··· DATA SHOWN

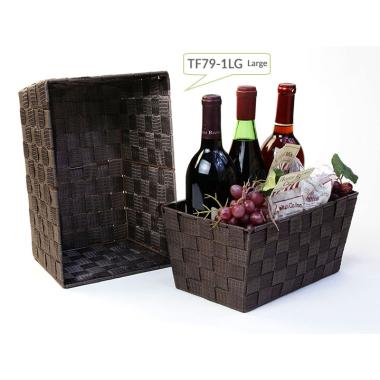 woven strap basket rectangle single large dark brown tp79 1lg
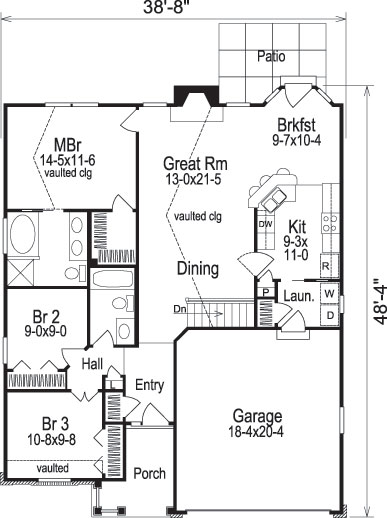 Floor Plan First Story of Ranch Plan #138-1090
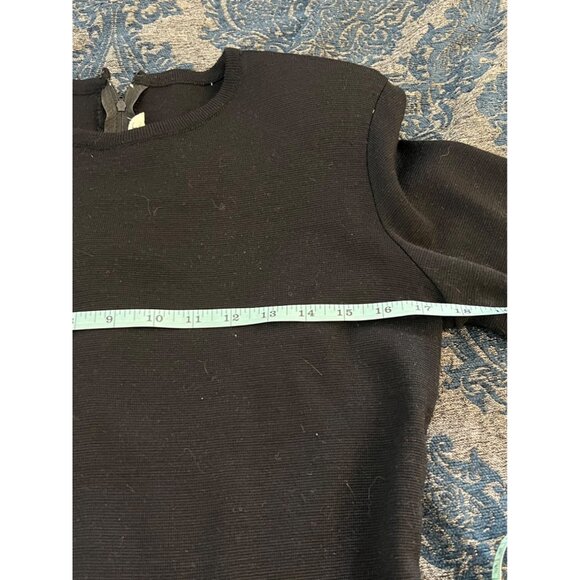 Vintage Outlander Black Sweater Dress Silver Sequin Long Sleeve Sheath Petite S - Picture 9 of 10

······

**PROBLEM REQUIREMENTS**
When you reach a picture, pass over it; write out all other material exactly.

**ANSWER BOX**
 woven strap basket rectangle single large dark brown tp79 1lg
 Floor Plan First Story of Ranch Plan #138-1090
 Vintage Outlander Black Sweater Dress Silver Sequin Long Sleeve Sheath Petite S - Picture 9 of 10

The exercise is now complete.